I was in cookie bar mode & my mind instantly combined the chocolate graham crackers with the mini marshmallows I already had placed in my cart (for my S'Mores Bars) to form... Rocky Road Bars. (See, sometimes it pays to have rocks in my head!) Just had to run back for some roasted almonds... & I was set! Set to create another portable, DeLish ~Original~ treat. 


When I tell you I truly was not ready for how good these were going to taste, I absolutely mean it. OMGoodness, scrumptious!!! They are so easy & reap so much chewy yumminess. The combination of sweet chocolate & marshmallows with the salty almonds is amazing... You.must.make.these. I promise if you like Rocky Road, you WILL love these. Heck, you will LOVE these no matter what! ;) And so will the children! Make a pan of these & a pan of DeLish Lishie's S'Mores Bars quick!


Lishie's Rocky Road Bars


  • 1 & 1/2 sticks butter, room temp.
  • 2/3 cup sugar
  • 1 egg
  • 1 tsp vanilla
  • 3 cups crushed chocolate graham crackers 
  • 1/2 cup all purpose flour
  • 1/2 tsp sea salt
  • 1 cup chocolate (chips/pieces, etc)
  • 1 cup roasted almonds, crushed
  • 3 1/2 cups mini marshmallows
Pre-heat oven to 350°, grease or spray 9x9-inch baking pan.

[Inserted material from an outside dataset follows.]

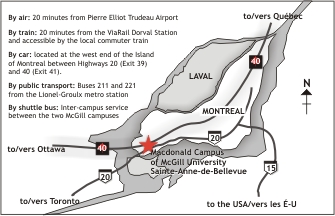 Island map to Macdonald Campus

A dollop of ice cream as a nod to the original Rocky Road format.
Beat butter and sugar with electric mixer on medium speed until light and fluffy. Beat in egg and vanilla. In a separate bowl, mix together crushed chocolate graham crackers, flour, and sea salt. Stir the graham cracker mixture into the butter/ sugar/ egg / vanilla mixture. Should become one, big crumbly clump.

In a small bowl, mix 1/2 of the chocolate graham cracker mix, the chocolate, the crushed almonds & the mini marshmallows. Set aside for  a moment.

Press about 1/2 cup or more, if needed, of the chocolate graham cracker mix over the bottom of the greased baking pan. Crumble the chocolate/ marshmallow/ almond/ graham cracker mix on top. Pushed it by hand into the pan to "set it".


*Optional~ Sprinkle a little Sea Salt on top!

Bake for 25-30 minutes or until brown.

Straight out of the oven... warm, chewy goodness!
*Lishie tip~ You can substitute other nuts... peanuts, walnuts, pecans, etc. but just keep in mind that almonds are one of the primary ingredients from the basic Rocky Road formula. Same goes for subs of mini marshmallows! 


*Lishie Facts~ While visiting some sites to make sure I had the correct original R. R. combination & nut, I ran across this on Edy's (Dreyer's) web-site: In 1929, after the stock market crash, our founder created The Original Rocky Road. His mix of almonds, mini marshmallows and chocolate ice cream made people smile!